En 2008, déjà, lors d'un autre débat sur l'ouverture dominicale des magasins, une note de l'OFCE pointait le fait que " les budgets des consommateurs [ne sont] pas extensibles". Elle ajoutait :

"A la marge, il est possible que l'on vende un peu plus de livres ou de meubles, achetés impulsivement le dimanche, si les grandes surfaces spécialisées dans ces articles sont ouvertes."

Pour qu'une éventuelle hausse des amplitudes horaires d'ouverture des magasins fasse de l'effet, il faudra donc non seulement que baisse du prix du pétrole et du cours de l'euro soient suffisants pour améliorer le pouvoir d'achat. Mais surtout que la confiance des ménages s'améliore suffisamment pour qu'ils choisissent de consommer le surplus au lieu de l'épargner.

Acheter tout le temps... et partout

De leur côté, les enseignes n'attendent pas pour recréer les conditions favorables à ces dépenses "coups de tête". D'autant plus qu'elles peuvent compter pour cela sur les nouvelles technologies qui placent dans la poche de leurs clients de quoi transformer la rue en boutique et leur clavier en moyen de paiement ultra-rapide. En témoigne par exemple l'opération baptisée "fast shopping" (achat rapide) de la marque de vêtement Comptoir des Cotonniers. Des pièces créées pour l'occasion ont ainsi été présentées en 2014 sur des affiches dans des abribus, dans des magazines... "10.000 boutiques" en tout selon une porte-parole.
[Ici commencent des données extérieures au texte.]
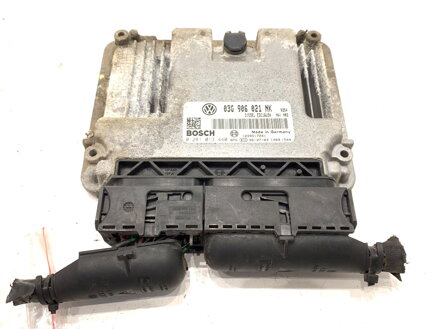 RIADIACA JEDNOTKA MOTORA VW PASSAT B6 VARIANT (3C5) 2005 - 2011 03G906021NK 0281013440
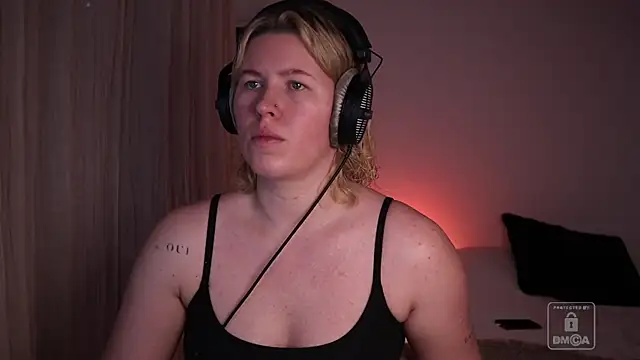 moonamii online show from January 9, 6:56 pm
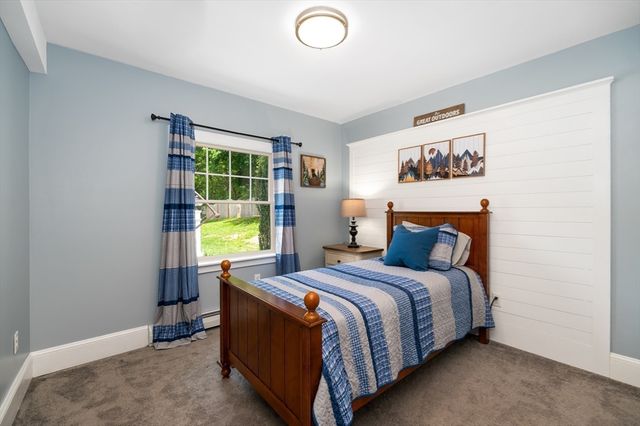 28 Ipswich Road, Topsfield, MA 01983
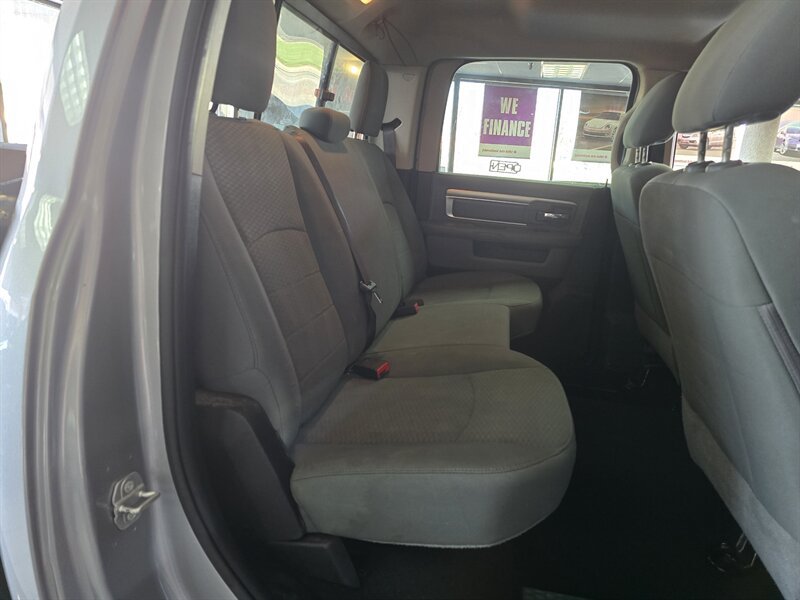 Used 2020 RAM 1500 Classic SLT AWD/4WD image 16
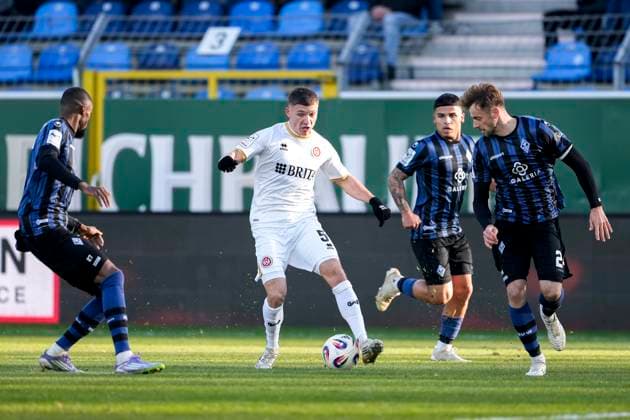 v li Adama Diakhaby SV Waldhof, 27 , Niklas May SVWW, 5 , Seyhan Yigit SV Waldhof, 18 , Lukas Klünter SV Waldhof, 24 , duel, duel scene, duel, tackle, tackling, dynamics, action, Action, 22 11 2025, Mannheim Germany , Soccer, 3 Liga, SV Waldhof Mannheim SV Wehen Wiesbaden, DFB DFL REGULATIONS PROHIBIT ANY USE OF PHOTOGRAPHS AS IMAGE SEQUENCES AND OR QUASI VIDEO xozx
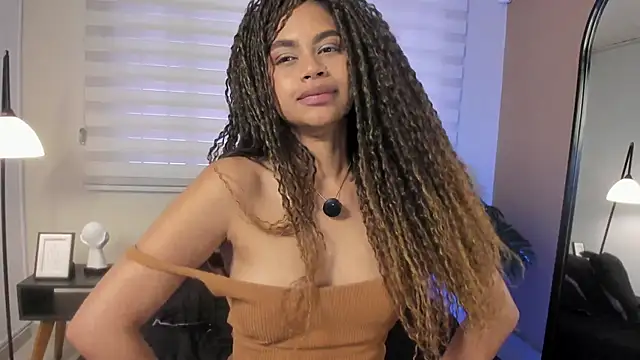 nayah   online show from 19, 4, 2026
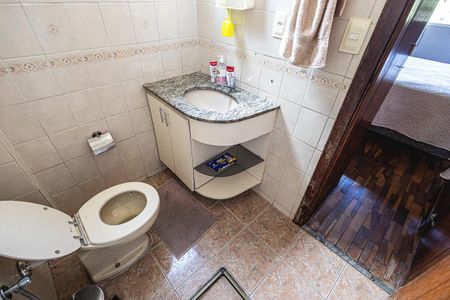 Apartamento à venda com 83m², 3 quartos e 2 vagas Apartamento à venda com 83m², 3 quartos e 2 vagasBanheiro da Suite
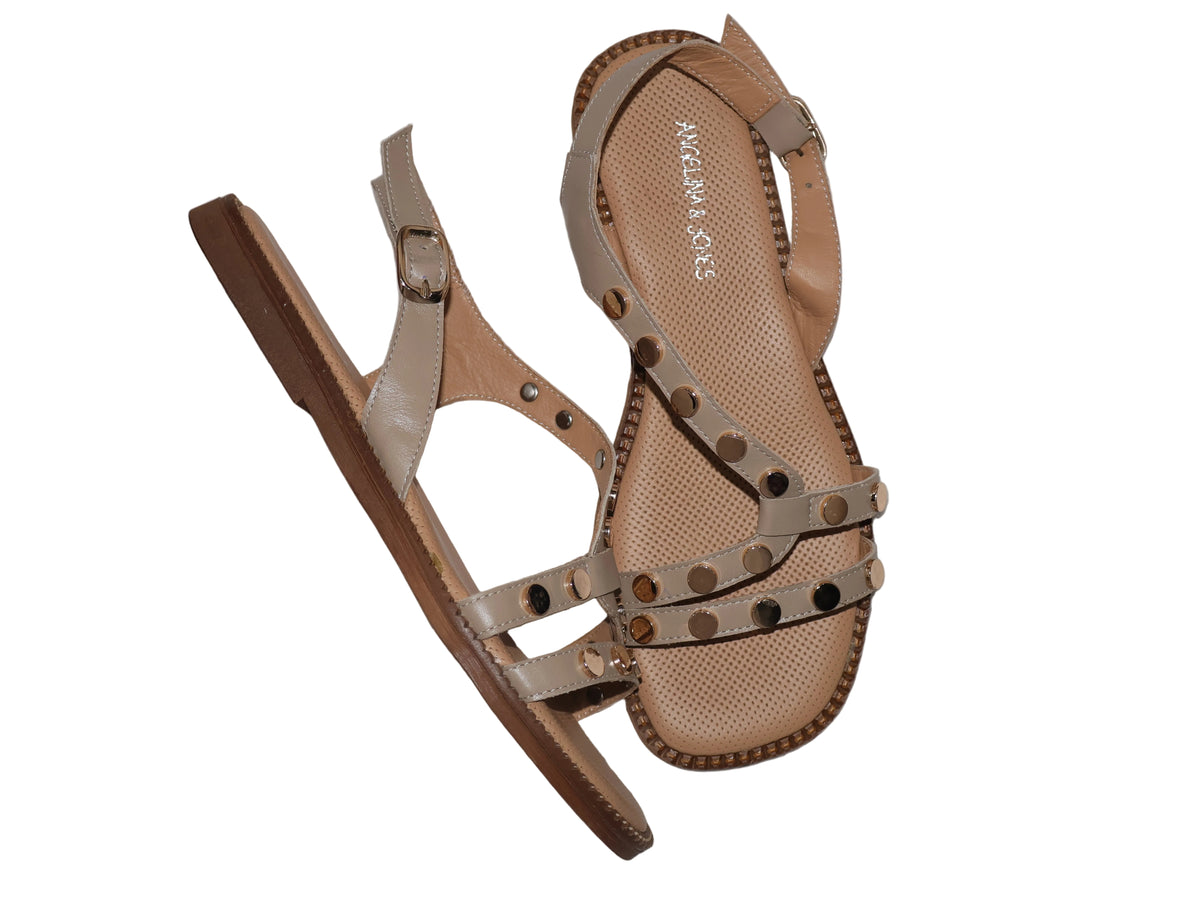 Sandale din piele naturală – Nude cu accesorii aurii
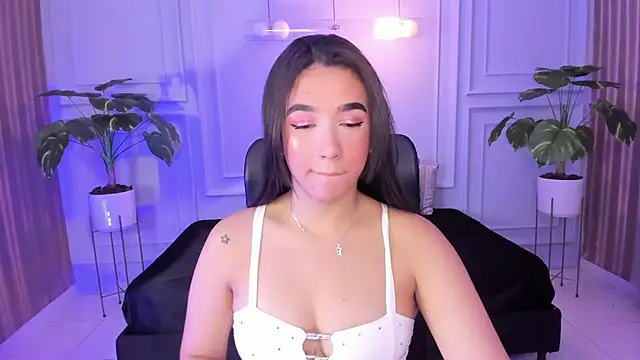 SaraaMills online show from 04.26.26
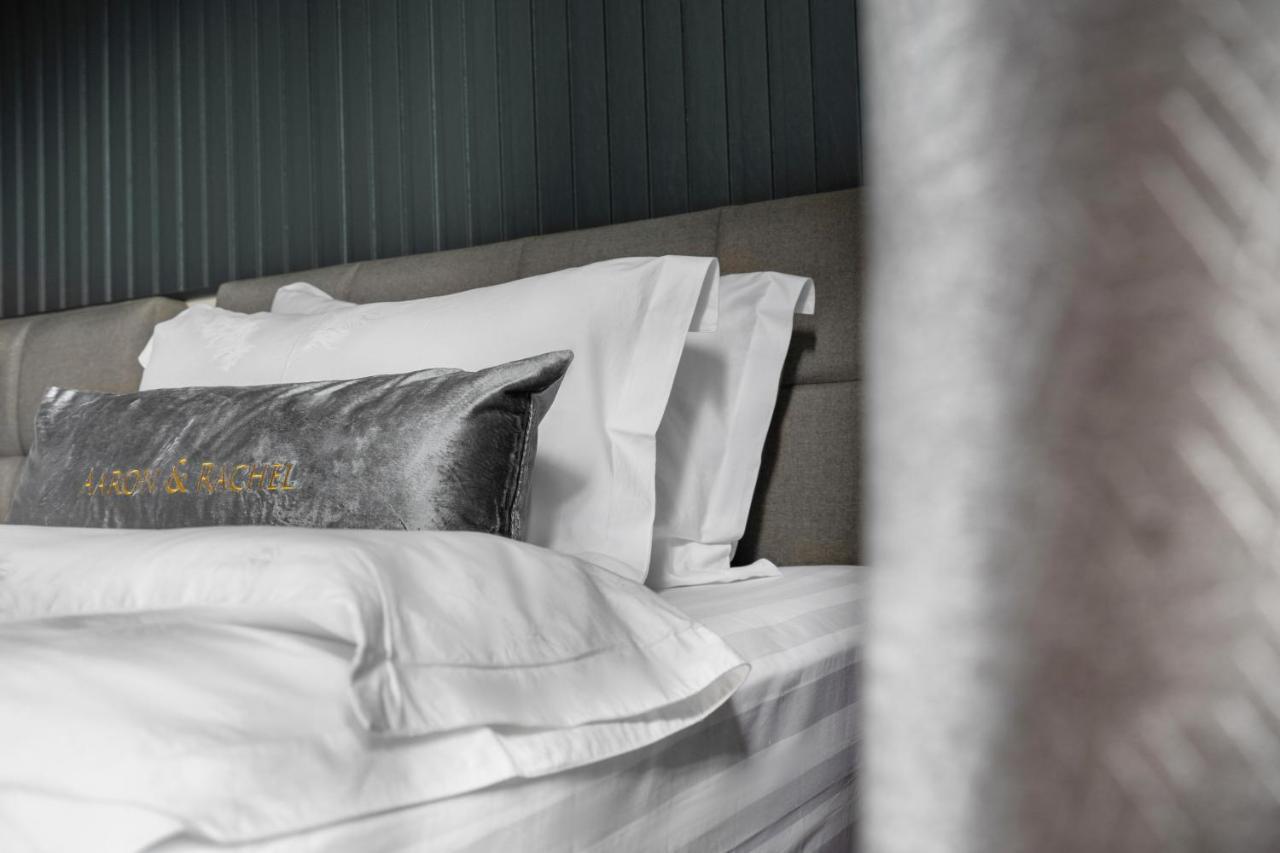 A&r Urban Hotel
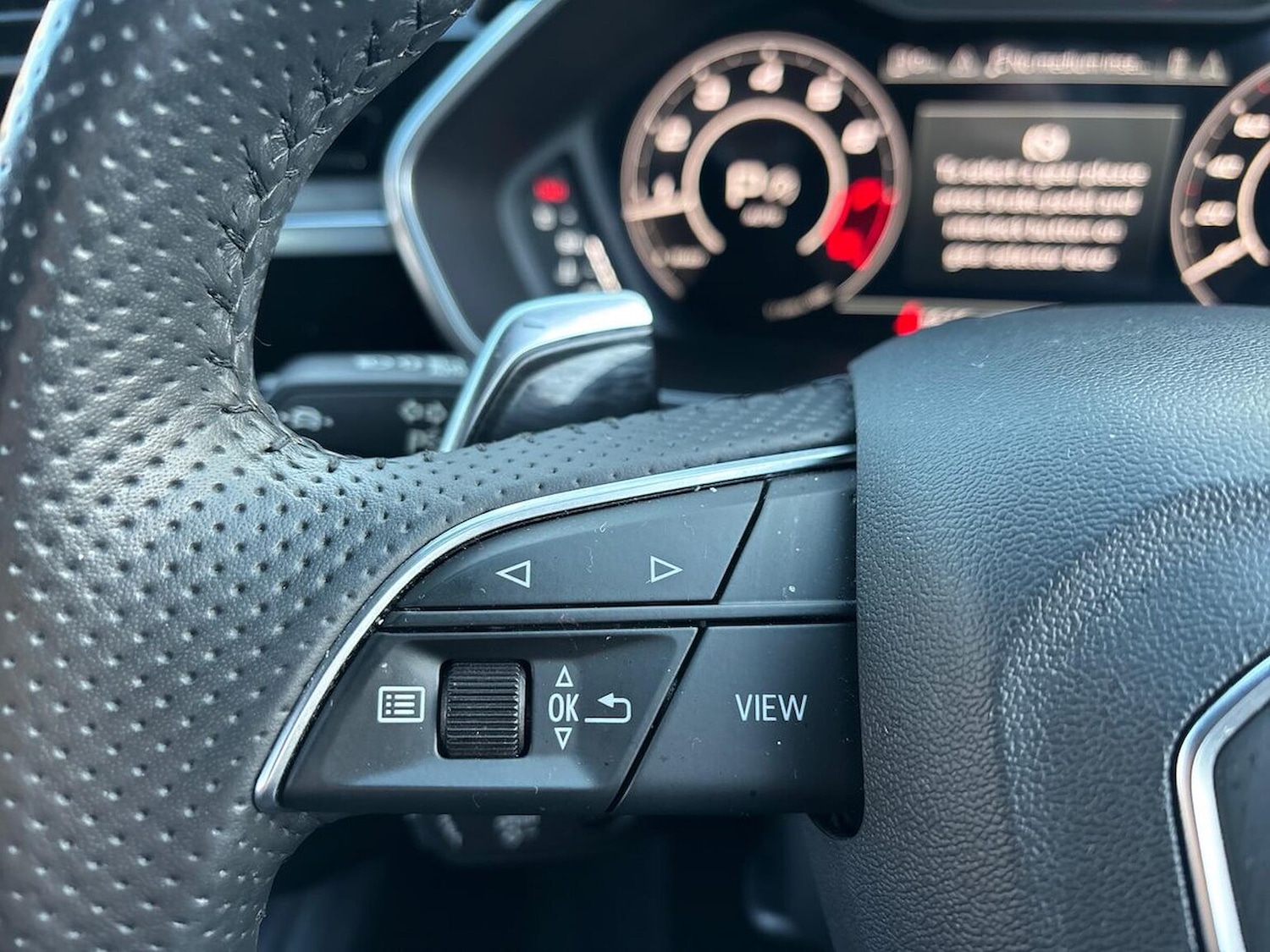 Used Audi RS Q3 2022 for sale - 76794864: Photo 26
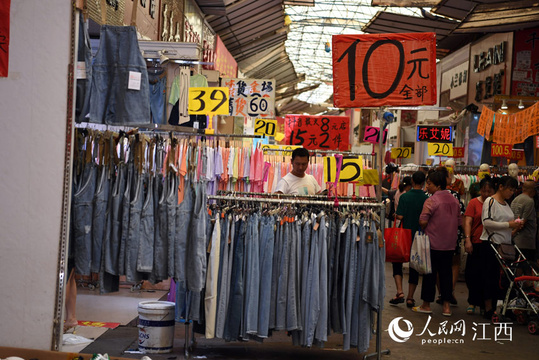 高清图:南昌老洪城大市场月底关闭 商家甩卖商品 第1页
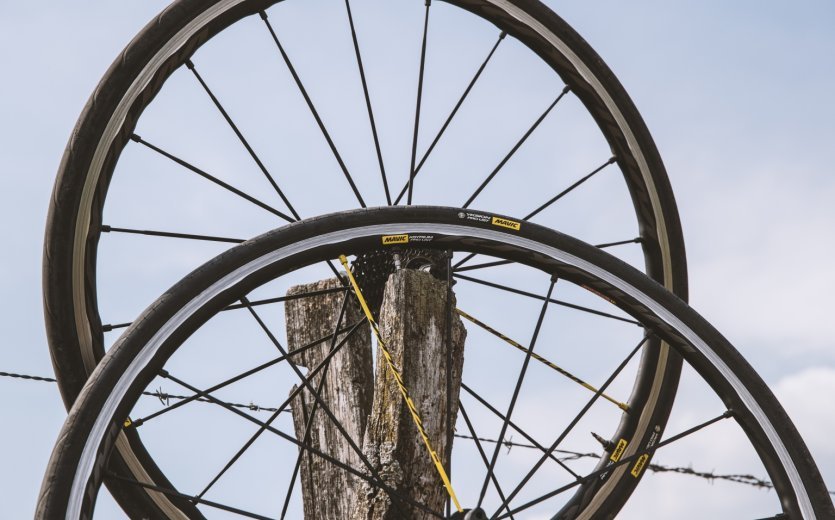 Mavic UST Road Tubeless. A setup that is both fast and provides grip while increasing puncture protection. Go Road tubeless in our shop at bike-components.de.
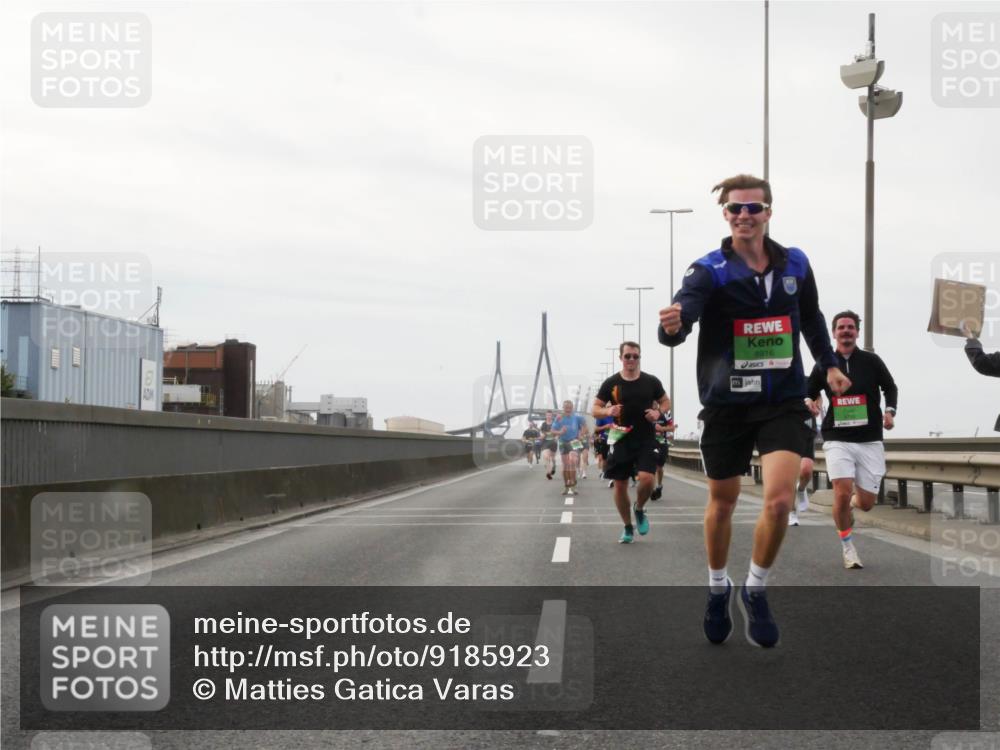 03.10.2025 - Köhlbrandbrückenlauf Matties Gatica Varas http://msf.ph/oto/9185923 03.10.2025 15:44:12 Position 3 8916 meine-sportfotos.de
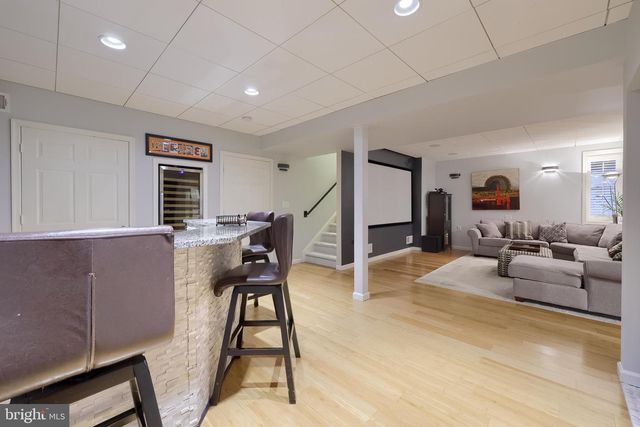 307 BOWYER LN, Lititz, PA 17543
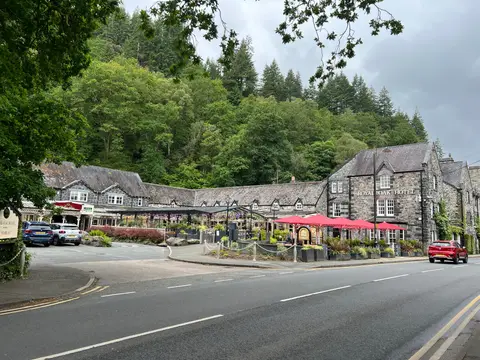 Photo of Royal Oak Hotel, a pub near Betws-y-Coed in Eryri, Conwy, north Wales.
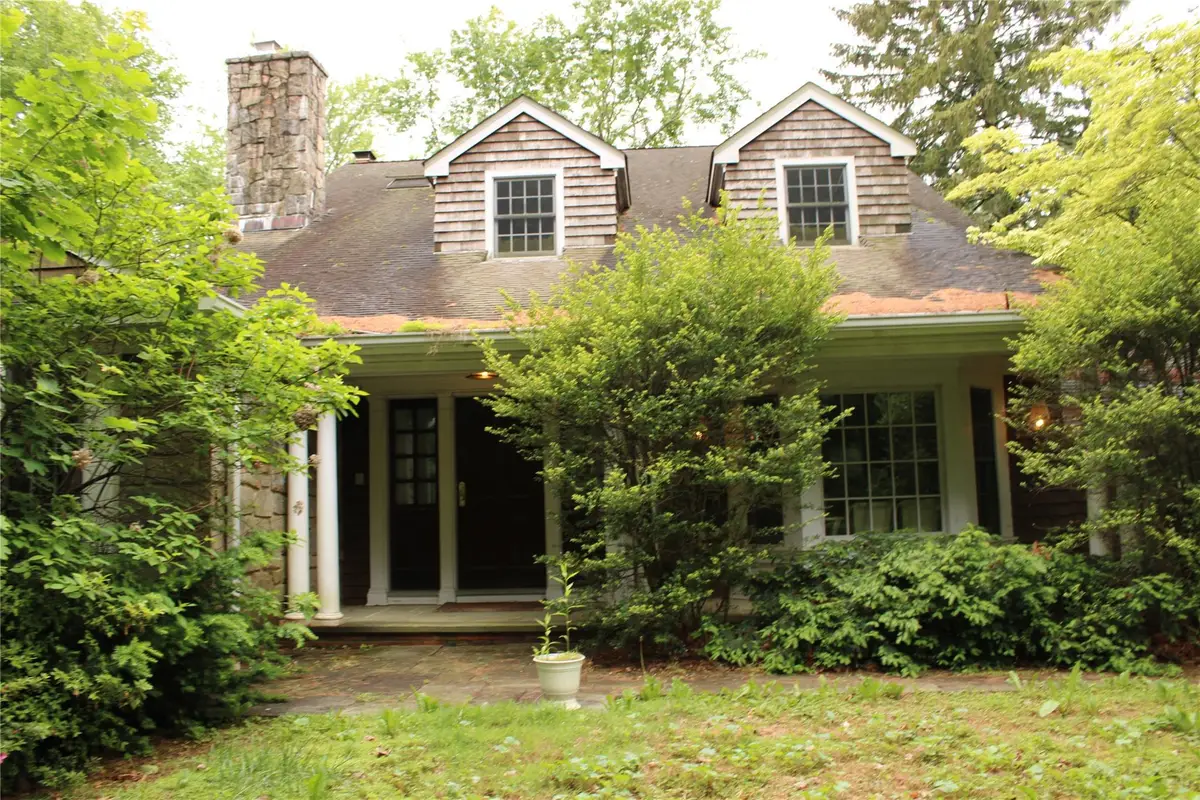 7 Locust Lane, Glen Head, NY 11545 - Image #1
Il suffisait de "flasher" des QR- code pour se retrouver sur la boutique en ligne et réaliser son achat. La marque refuse d'indiquer le nombre d'achats ainsi réalisés, mais elle a déjà réitéré une fois l'opération à Noël. Si ce type de services séduit vraiment, les cartes bleues n'auront peut-être pas besoin du dimanche pour se remettre à griller.